AUSTIN, Texas (AP) — Apple has created more than 2,000 new jobs in Austin since 2012 and is on track to meet the area hiring goals it promised in exchange for millions of dollars in public incentives, according to documents filed with the city.
The technology giant is set to receive $35 million in tax incentives over the next several years from the city of Austin, Travis County and the state of Texas for an expansion of its operations in central Texas, the Austin American-Statesman reported.
Under the terms of the incentives package, which was signed in March 2012, Apple Inc. agreed to create more than 3,600 new full-time jobs in Austin in 10 years while retaining at least 3,100 existing full-time jobs year over year.
According to the agreement, the average wage for those new jobs is to be $54,000 a year in the first year of the expansion and will stretch to $73,500 in the 10th year.

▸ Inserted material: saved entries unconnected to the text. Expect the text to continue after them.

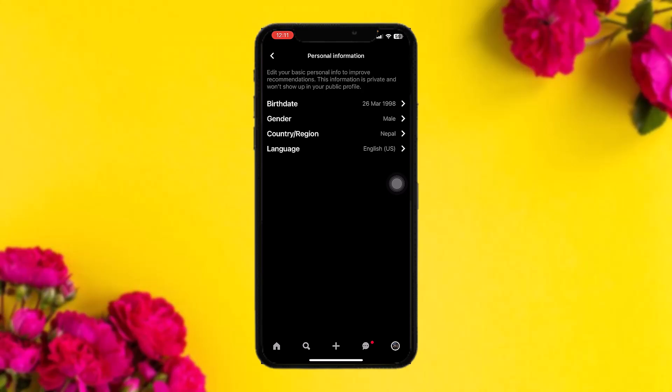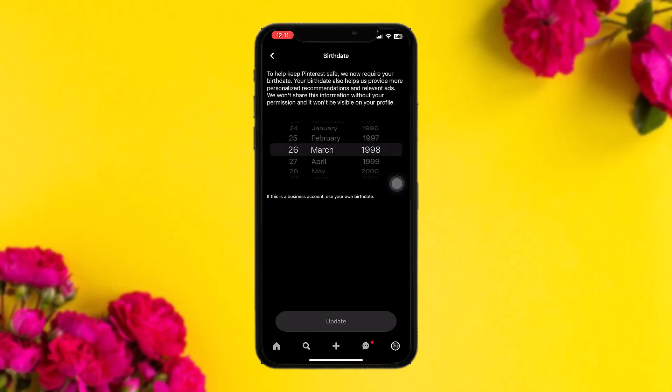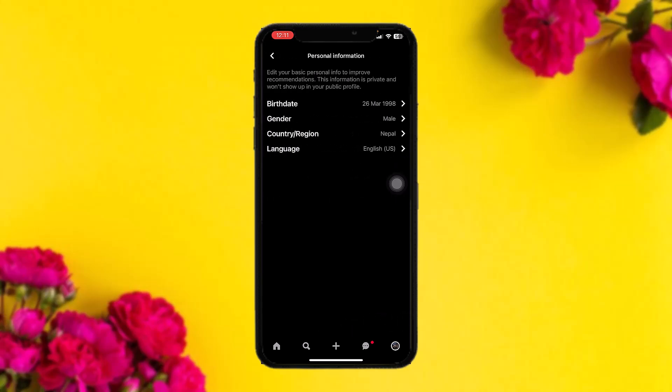In order to fix your age restriction, simply tap on your birthday under Personal Information. Enter a birthday indicating you are above 18 years old, because Pinterest restricts users under 18. Once you're done with that, tap on Update.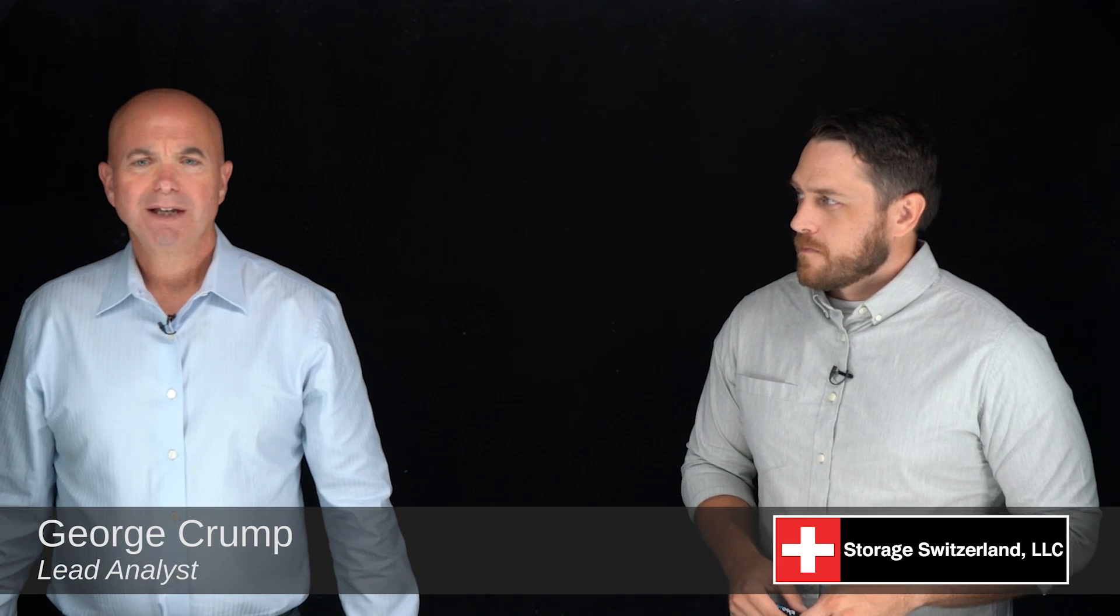Hi, I'm George Crump, Lead Analyst with Storage Switzerland. Thank you for joining us today. One of the promises of software-defined storage is simplification. One of the best ways to simplify things is get it down to one, one thing to manage that's in control of all of your storage assets. So that's really the promise.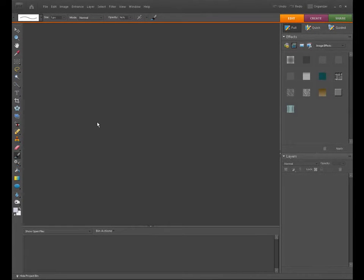Welcome to Jack's Tech Corner. I'm your host Jack, and this is a video tutorial of how to use Photoshop Elements.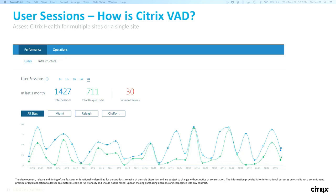Thank you, Samir. So Samir talked about the user experience score — that's really one of the things at the heart of what we want to do here, so that you can quickly figure out how users are trending. You can see this across all sites or drill it down for a specific site. One of the key things we have is the ability to aggregate different sites in one single view so you can get a quick overview of how your entire user population is doing.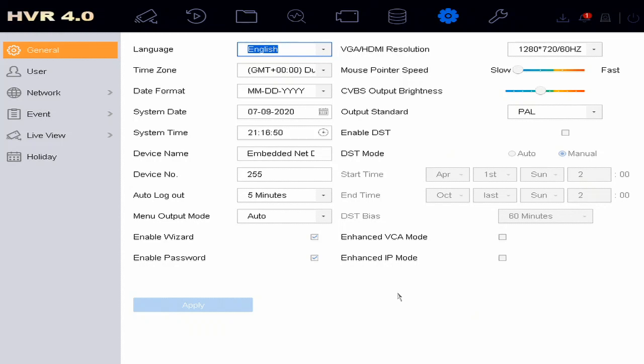I'm going to show you how to disable the password, remove the password. The password will be there but it will not prompt you all the time.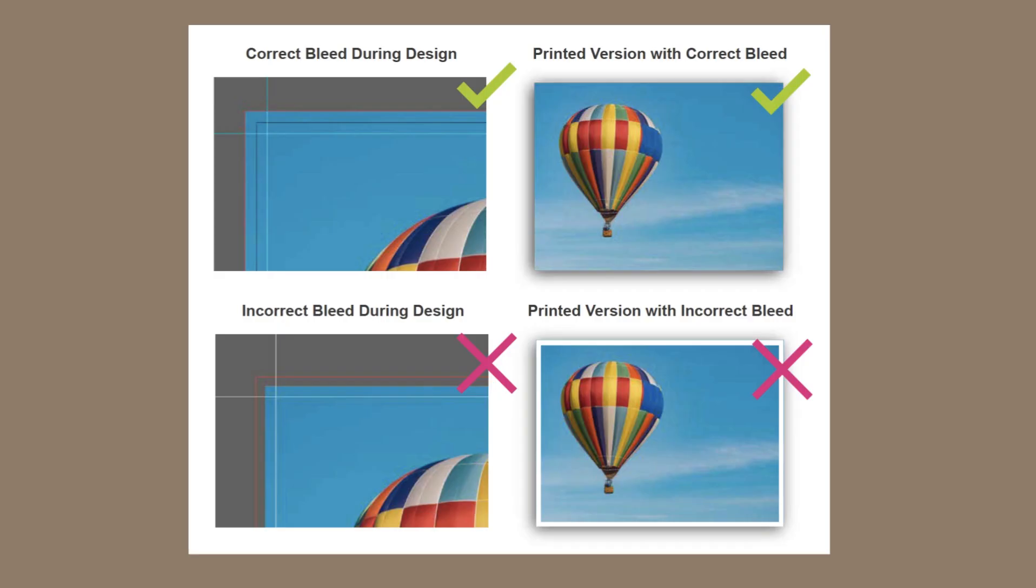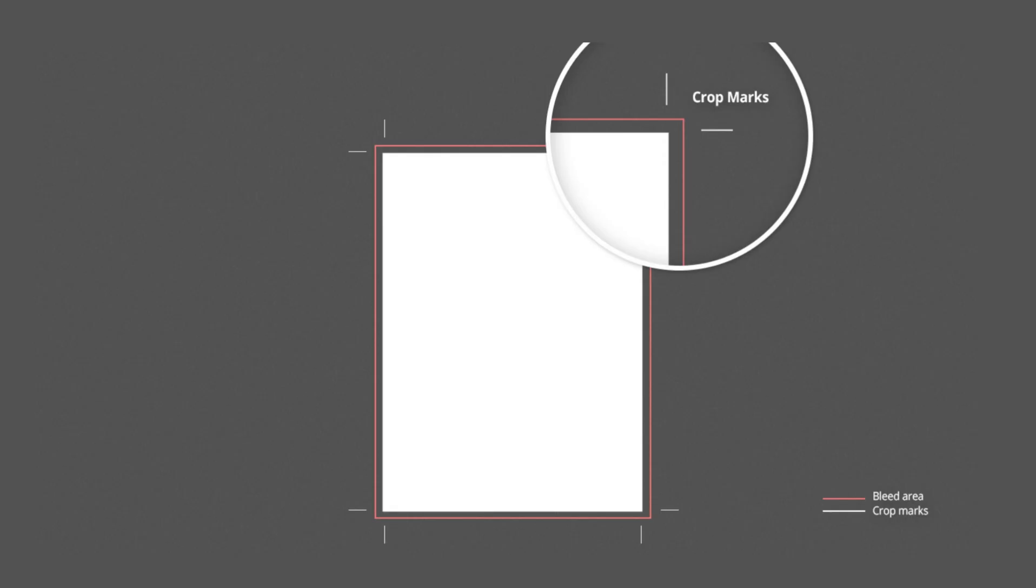Bleed is the extra space around the outside of your design that will be cut off during production. Crop marks are the indicators of where to cut and this isn't always 100% accurate. So if your artwork contains images and text on the edge, this shift could result in a white edge. So how can we prevent this?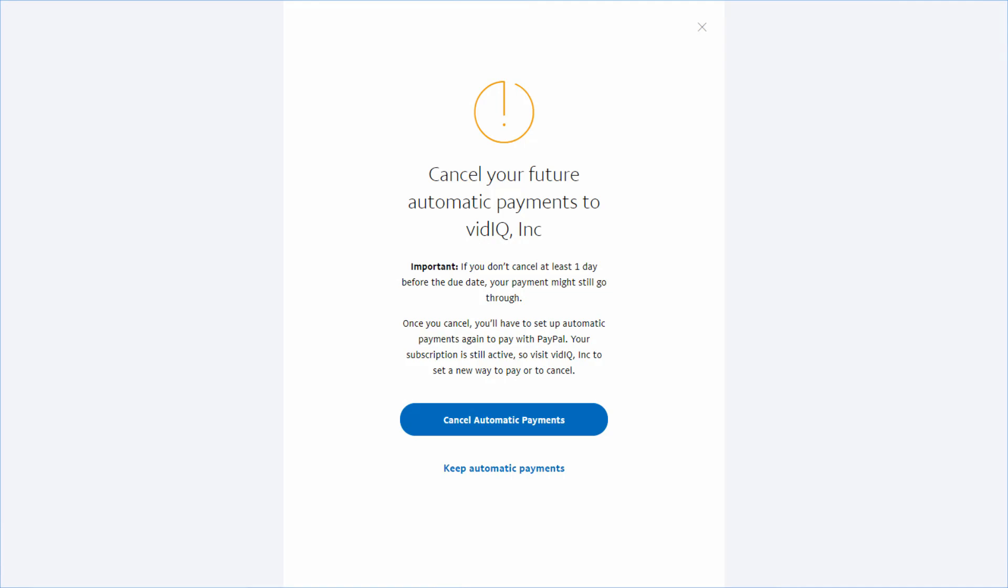Hello guys and welcome back to my YouTube channel THETA BOX. Today I'm going to show you how to cancel automatic payment service from your PayPal account.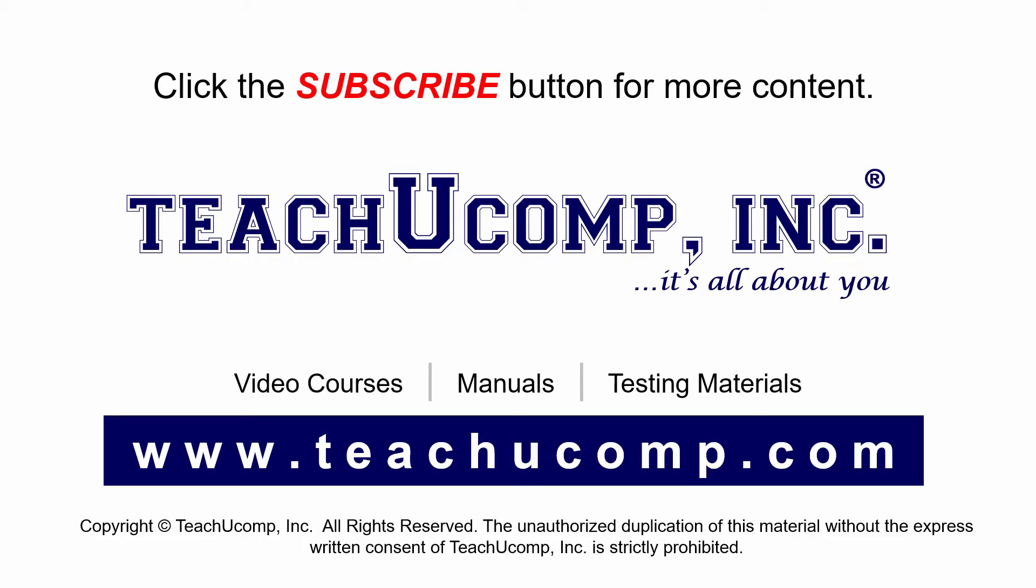If you like our video, click the subscribe button to subscribe to our channel and get easy access to new content. To see our full suite of ad-free video courses and training materials, visit us at teachucomp.com.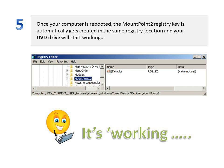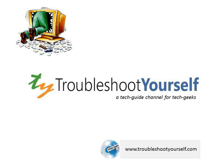Thank you for watching this video. I hope the solution provided in this video solved your problem. Do visit our blog at www.troubleshootyourself.com.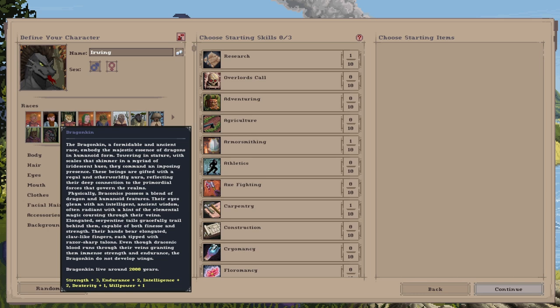Physically, draconics possess a blend of dragon and humanoid features. Their eyes gleam with intelligent ancient wisdom, often radiant with a hint of the elemental magic coursing through their veins. Elongated serpentine tails gracefully trail behind them, capable of both finesse and strength. Their hands bear elongated claw-like fingers, each tipped with razor-sharp talons. Even though draconic blood runs through their veins, granting them immense strength and endurance, the Dragonkin do not develop wings.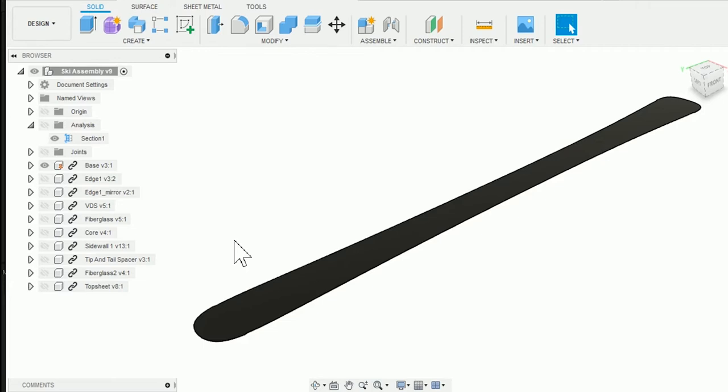It comes in a variety of colors, even natural or transparent. That way you can put some graphics underneath that can be seen through. Often companies will cut out different puzzle pieces of logos and graphics and assemble a base to give it more character.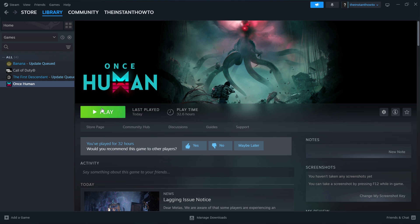And then click play and hopefully, it should fix all your issues that you had with Once Human game and you can finally enjoy and start playing the game that you so wish to play.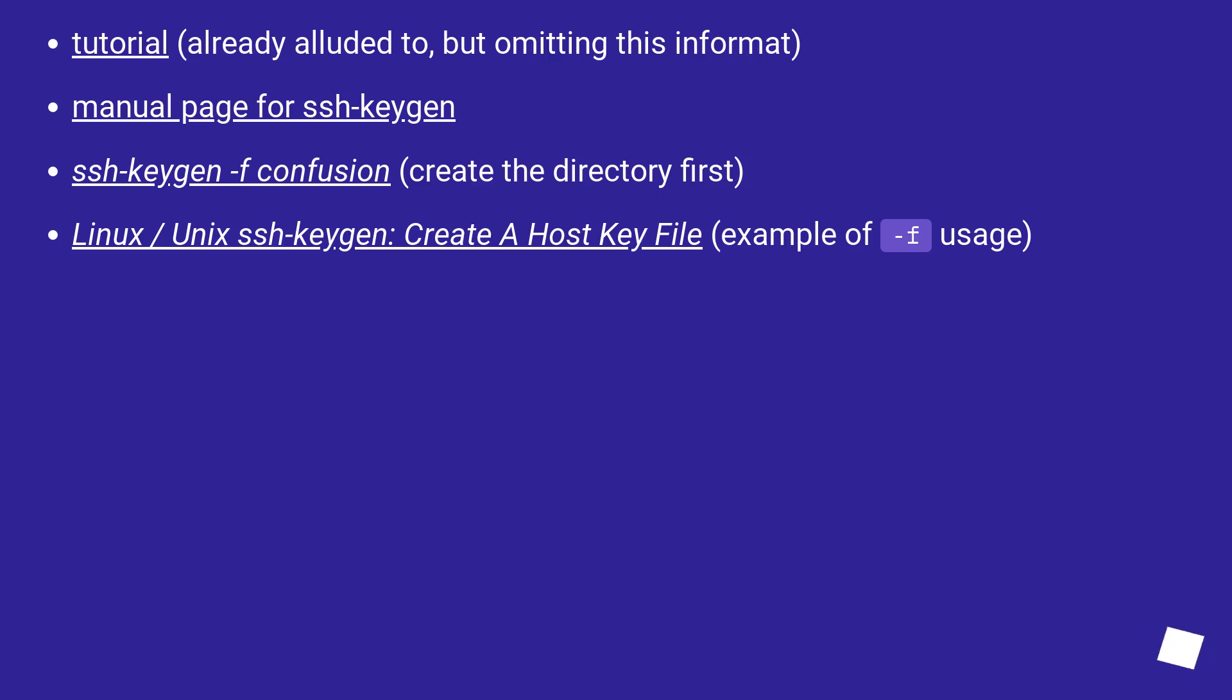Linux/Unix ssh-keygen: Create a host key file, example of -f usage.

Apple said last year that it was well ahead of hiring projections. A more recent report — filed in March by Terry Ryan, Apple’s senior tax manager — indicated that the company continues to outpace the requirements.
As of Dec. 31, the total number of full-time Apple jobs in Austin was 5,102, according to the company’s report. That includes 2,089 new jobs created since 2012, according to the report — an average of more than 550 a year. The agreement calls for Apple to create 300 new jobs by the end of 2016.
Also, report says there were 904 contract employees as of the last day of 2015.
If Apple reaches its hiring goals, it will become the second-largest technology employer in Central Texas, behind only Dell Inc.
In a written statement, Apple said: “We’re incredibly proud that Apple’s innovation supports tens of thousands of jobs across a wide range of industries in Texas.”
Jon Hockenyos, an Austin economist, said the types of jobs Apple is creating at the campus are a key component to the region’s economy.
“They provide solid middle-class incomes that sustain families,” he said. “They’re the kind of jobs any city wants to see being created.”